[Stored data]
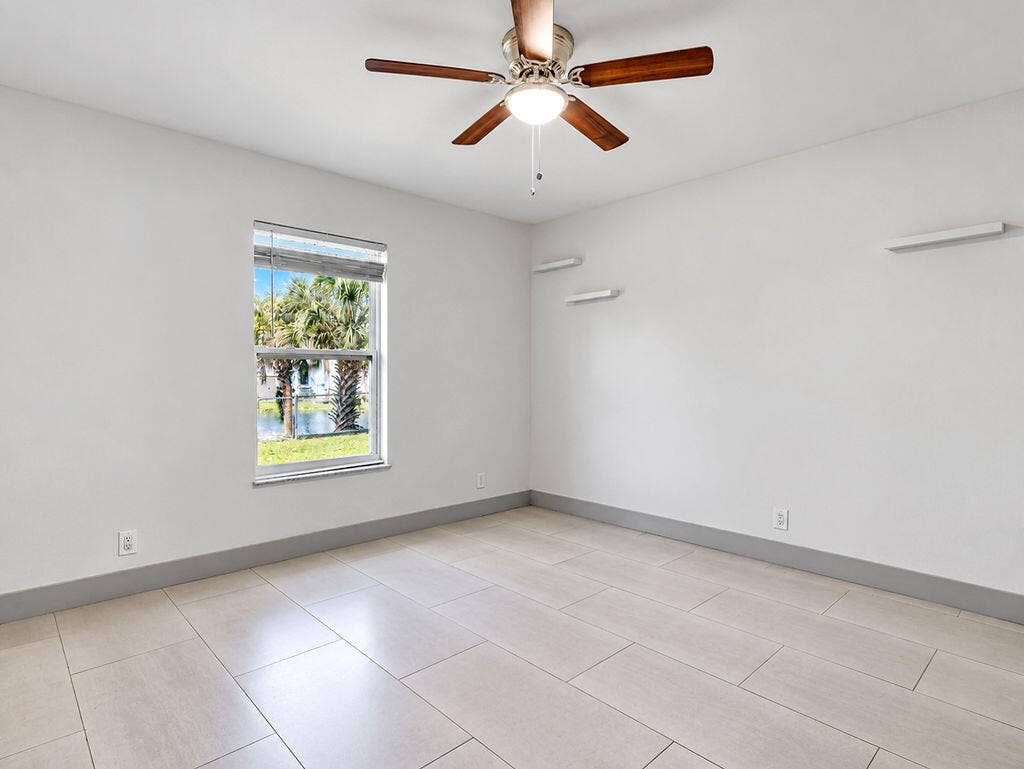 72 W PALM Drive, #Unit 0, Margate, FL 33063 AFP07024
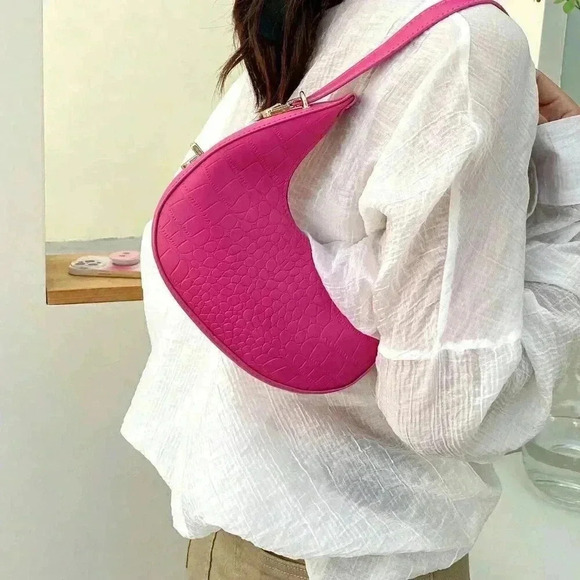 Hot Pink Casual Women's Solid Color Crocodile Pattern Shoulder Bag - Picture 2 of 6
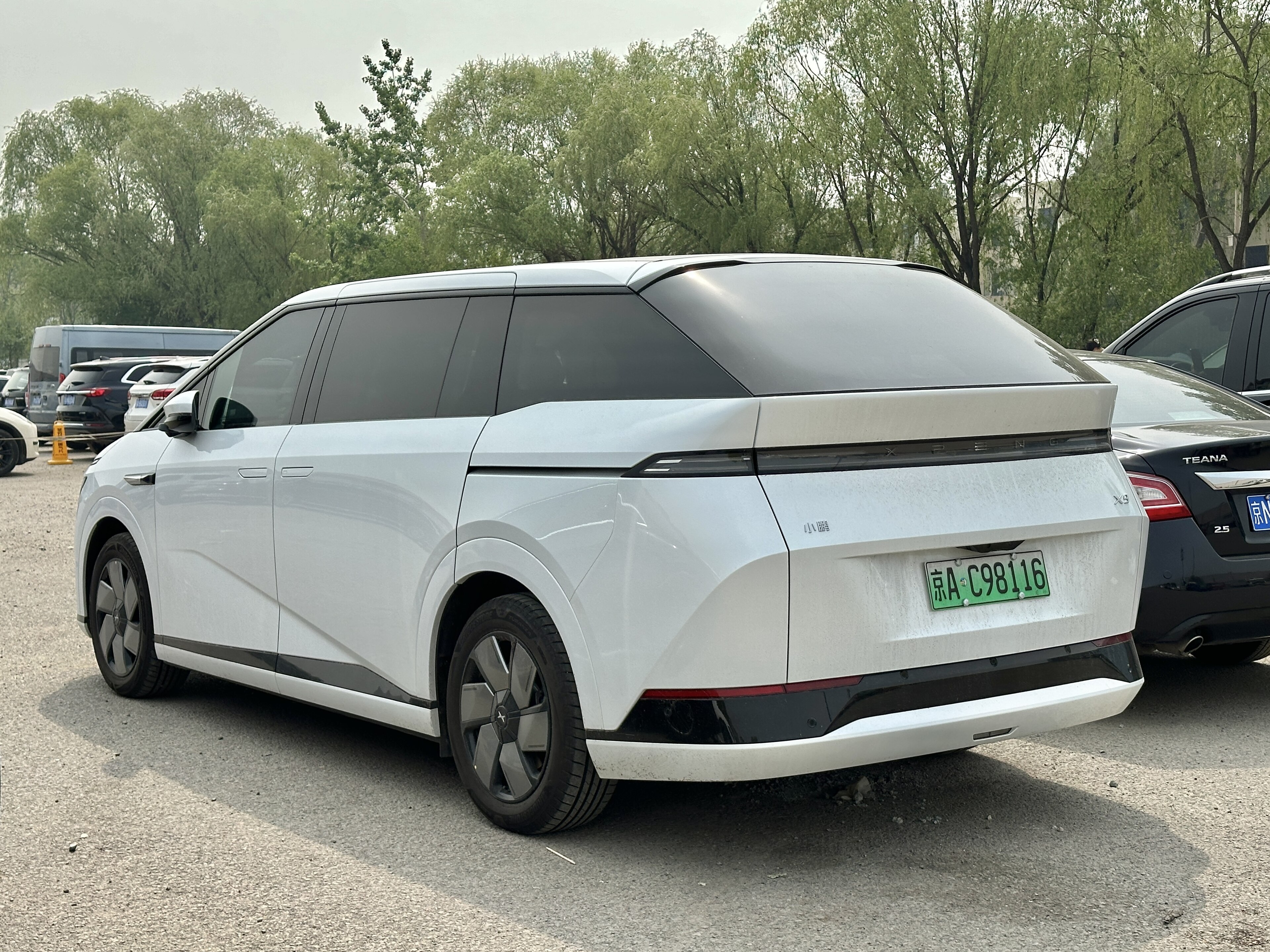 XPeng X9 photo 208606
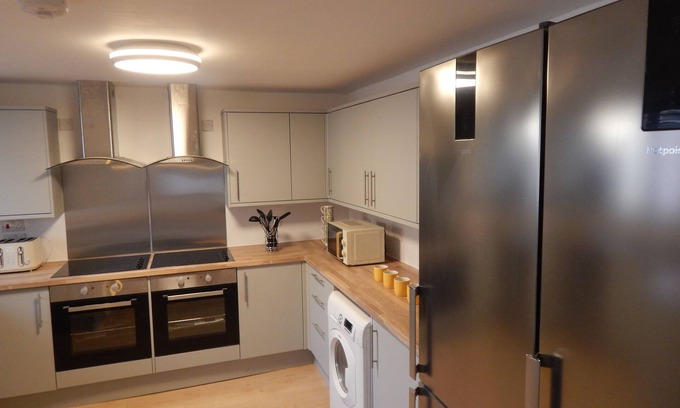Cambridge House | Modern, stylish and well located en-suite rooms with parking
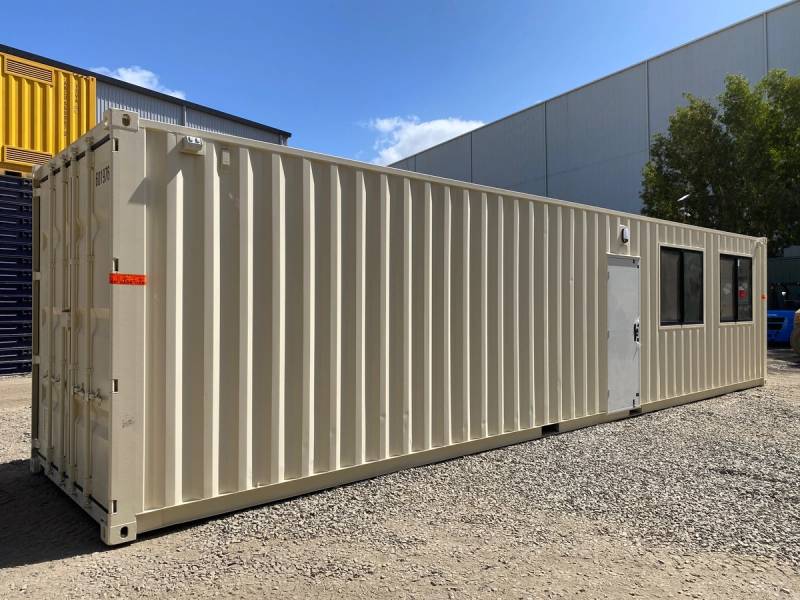 The 40ft half site office, half storage container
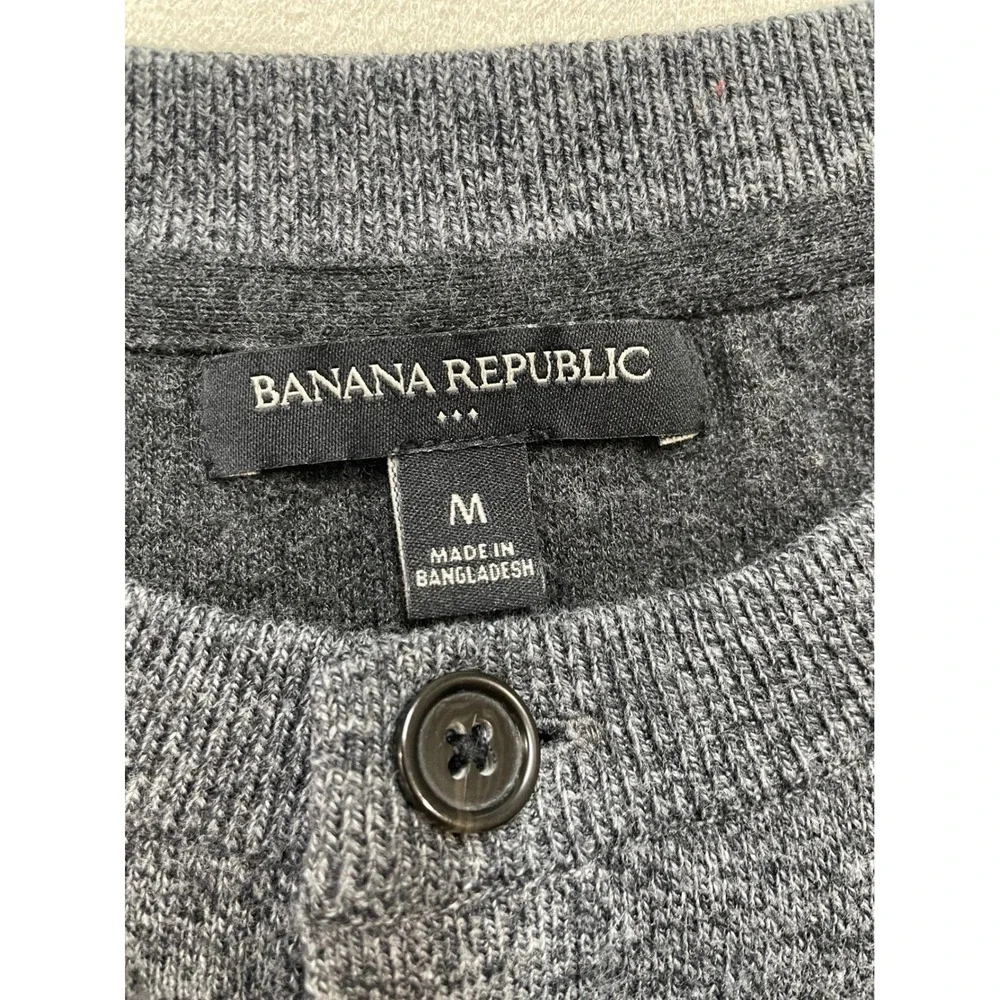 Banana Republic Mens Gray Cotton Blend Henley Sweater Medium Long Sleeve Knit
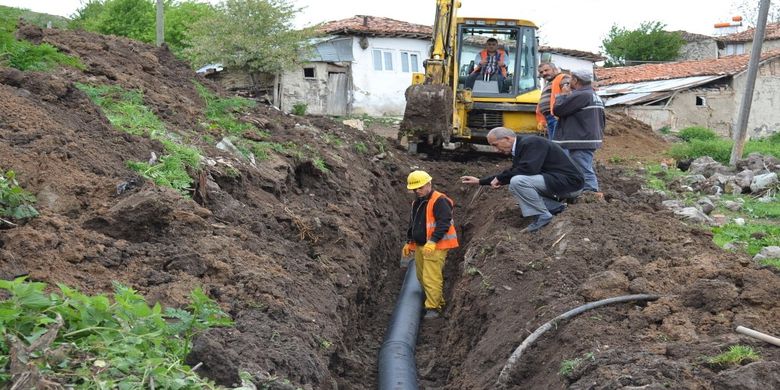 Kırsaldaki Mahallelerin AltYapı Sorunları Çözülüyor - Samsun Büyükşehir Belediyesi Su ve Kanalizasyon İdaresi (SASKİ) Genel Müdürü Kamil Demircioğlu, ilçelerin kırsal kesimindeki mahallelerin alt yapı sorunlarını çözmeye kararlı olduklarını açıkladı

AIM OF THE TASK » Give all the lines above again, character for character, without pictures.

SOLUTION TO THIS PROBLEM »
 72 W PALM Drive, #Unit 0, Margate, FL 33063 AFP07024
 Hot Pink Casual Women's Solid Color Crocodile Pattern Shoulder Bag - Picture 2 of 6
 XPeng X9 photo 208606
Cambridge House | Modern, stylish and well located en-suite rooms with parking
 The 40ft half site office, half storage container
 Banana Republic Mens Gray Cotton Blend Henley Sweater Medium Long Sleeve Knit
 Kırsaldaki Mahallelerin AltYapı Sorunları Çözülüyor - Samsun Büyükşehir Belediyesi Su ve Kanalizasyon İdaresi (SASKİ) Genel Müdürü Kamil Demircioğlu, ilçelerin kırsal kesimindeki mahallelerin alt yapı sorunlarını çözmeye kararlı olduklarını açıkladı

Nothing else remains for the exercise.